Успокаиваемся для прошлого, чтобы быть во всеоружии перед лицом наступающего! Наилучшим образом мы встречаем «среду», узнаем ее, приспосабливаемся к ней, когда забыли о себе! И большею частью мы «приспособляемся к среде», чтобы не чувствовать себя. Когда мы себя не замечаем, тогда все кажется объективным. Оттого так долго не примечается «трансцендентальное», внутреннее, «субъективное», своя внутренняя деятельность, незаметно вносимая повсюду!
Человек возвращается к равновесию в себе для того только, чтобы снова воспринимать внешнее. ‹…› Но когда же возникает мысль о «субъективном»; и что нужно, чтобы для человека все стало опять объективным?
«Первой добродетелью всех действительно великих людей является искренность. Они вырывают лицемерие из своего сердца, они бестрепетно обнажают свои слабости, свои сомнения, свои пороки. Они вскрывают себя. Они выставляют напоказ свою обнаженную душу, чтобы все их современники узнали себя в этом образе и изгнали из своей жизни разъедающую ее ложь. ‹…› Великие писатели не имеют низкой души. Вот в чем их тайна. Они горячо любят своих ближних. Они великодушны, у них всеобъемлющее сердце. ‹…› Видите ли, господин профессор, сострадание – это самая основа гениальности» (Поль Гзелль. Беседа Анатоля Франса. – Новости иностранной литературы. М., 1923, с. 106–108). За одну эту превосходную страницу отпустится многое, многое Анатолю Франсу! ‹…› Но как легко принять «словесное вдохновение» за подлинную любовь к людям, за подлинное сострадание и милосердие, готовые идти за друга и брата до креста и смерти.

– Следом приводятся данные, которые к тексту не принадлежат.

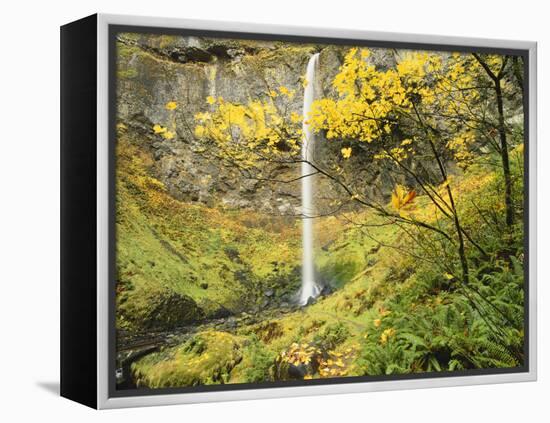 Elowah Falls in Autumn, Columbia Gorge National Scenic Area, Oregon, USA-Stuart Westmoreland-Framed Premier Image Canvas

Установить «закон», которому в самом деле подчиняются факты, это значит установить нечто постоянное в вещах, нечто такое, что не изменяется от времени; в предельном своем понятии закон есть по существу нечто не зависящее от времени,
Если тут и привлекается иногда время, когда от него невозможно нацело абстрагироваться, то в качестве лишь координаты, относительно коей можно было бы изложить устанавливаемый цикл зависимостей по тому же типу, как мы устанавливаем закон изменения кривой в зависимости от координатной оси абсцисс. Это время не как фактор, влияющий на течение событий, а как порядок распределения вещей, в сущности нечто пространственное.
Даже там, где в сложных течениях истории мы улавливаем закономерные постоянства, «эпохи-типы», для которых как будто выясняются своего рода законы истории, дело идет о чем-то постоянном среди текучего, о чем-то неувлекаемом и неизменяющемся от времени, о чем-то вневременном!
Раз перед нами «закон», то тем самым тут нечто постоянное и вневременное, независимое от времени, т. е. при всяком течении времени повторяющееся по-прежнему! Эпоха-тип – это такой отрывок исторического потока, для которого время уже не играет роли и в границах которого время остается не более как t, координата распределения отдельных элементов зависимости.
Таким образом, и идеальное постижение мира рисуется нашему духу как уловление его в завершенный, более не изменяющийся, более не предвещающий никаких неожиданностей, постоянный и откристаллизованный цикл, для которого более нет истории, нет судьбы, нет времени, за исключением одного лишь t – этой условной, пространственной по существу, координаты! ‹…›
И тем не менее наша мысль чувствует и догадывается, что лишь искусственная абстракция дозволяет нам рассматривать вещи вне времени. ‹…› Всякая отдельная «вещь» в мире, всякое отдельное подлежащее, о котором мы пытаемся высказываться, есть относительно постоянный, относительно устойчивый отрывок текущей реальности, который мы условно принимаем как «постоянный» и «вневременный», но который в самом деле непрестанно стремится расплыться в своих границах и утечь во времени!